Au cœur de cette expérience se constitue une sensibilité nouvelle à laquelle appartiennent des pouvoirs nouveaux, notamment sur lui. Il acquiert par là une possibilité de transformer sa nature instinctive, dominée par l’ego séparateur, et de voir celle-ci, peu à peu imprégnée par cette influence spirituelle, en devenir la servante. Cette sensibilité, qui est en rapport avec la conscience de l’Etre permet à l’homme de retrouver, matériellement à quelle fin il a été créé.
L’idée de cette évolution possible et les moyens qui sont nécessaires pour l’entreprendre est donnée à l’homme par des êtres qui sont les témoins vivants de cette expérience et qui en ont réalisé tous les aspects. Ces témoins apportent le «message», la «bonne nouvelle», la «révélation» qui constituent la base de toute religion.
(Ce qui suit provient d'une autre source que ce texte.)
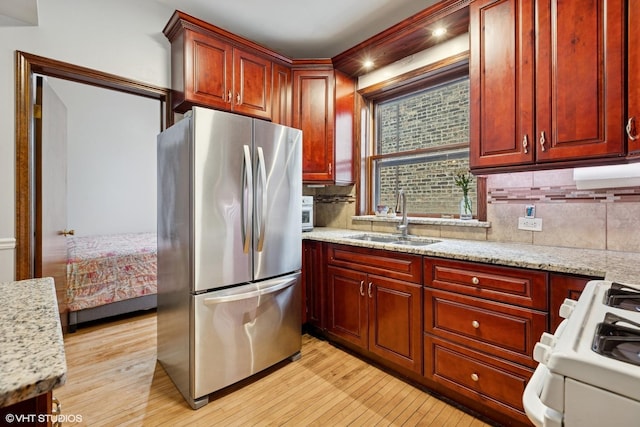 4503 N Ashland Ave Unit 2N, Chicago, IL 60640 - kitchen featuring freestanding refrigerator, white gas stove, light wood-type flooring, backsplash, and light stone counters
S’il est évident que ces témoins adaptent leur message à la mentalité des hommes auxquels ils s’adressent, au niveau spirituel de l’époque et au «lieu» où ils se manifestent, leur message n’en est pas moins fondamentalement le même. Chacun étant l’expression particulière de la Religion, une au delà de toutes les religions.
Ces messages nous indiquent une évolution possible à partir de notre nature propre en mentionnant les moyens qui permettent de passer du possible au réel.
COMME DES ÉCOLES
Quand elles s’implantent dans la vie publique les religions sont comme des écoles avec toute leur hiérarchie d’élèves, d’enseignants et les différents niveaux de connaissance. Pour le plus grand nombre elles instaurent des coutumes, qui s’enracinent dans l’existence journalière, qui favorisent une existence humaine harmonieuse et qui rappellent la pérennité du message du ou des témoins fondateurs de religion. Pour ceux que le désir d’évolution anime authentiquement les religions donnent le moyen d’avancer, de parcourir progressivement les étapes sur la Voie.
Dès l’instant ou la fonction essentielle de la religion est oubliée son existence est menacée. Soit elle succombe à la domination de l’autorité politique, soit elle s’en empare. Si la religion explicite la loi d’évolution possible pour l’être humain, elle n’en est pas moins soumise, elle aussi, à la loi d’involution, de dégradation, qui est son pendant. A ce moment là elle devient un instrument d’asservissement, le pire peut-être, aux mains d’hommes cherchant à satisfaire leurs désirs égoïstes.
Un renouveau du sentiment religieux ne pourra se développer aujourd’hui, comme il s’est développé hier, que par l’apparition et la reconnaissance de témoins spirituels authentiques. Par des qualités évidentes à tous, ils montreront que la voie du développement de l’être n’est pas un mythe mais une réalité. Cette réalité est seule capable d’apporter la réponse tangible et matérielle au besoin de découvrir le sens de la vie. Elle est aussi la seule qui par la prise de conscience d’un sens universel permettrait de faire disparaître progressivement ces multiples organisations d’État distinctes qui sont aujourd’hui le principal facteur de conflits et d’asservissements.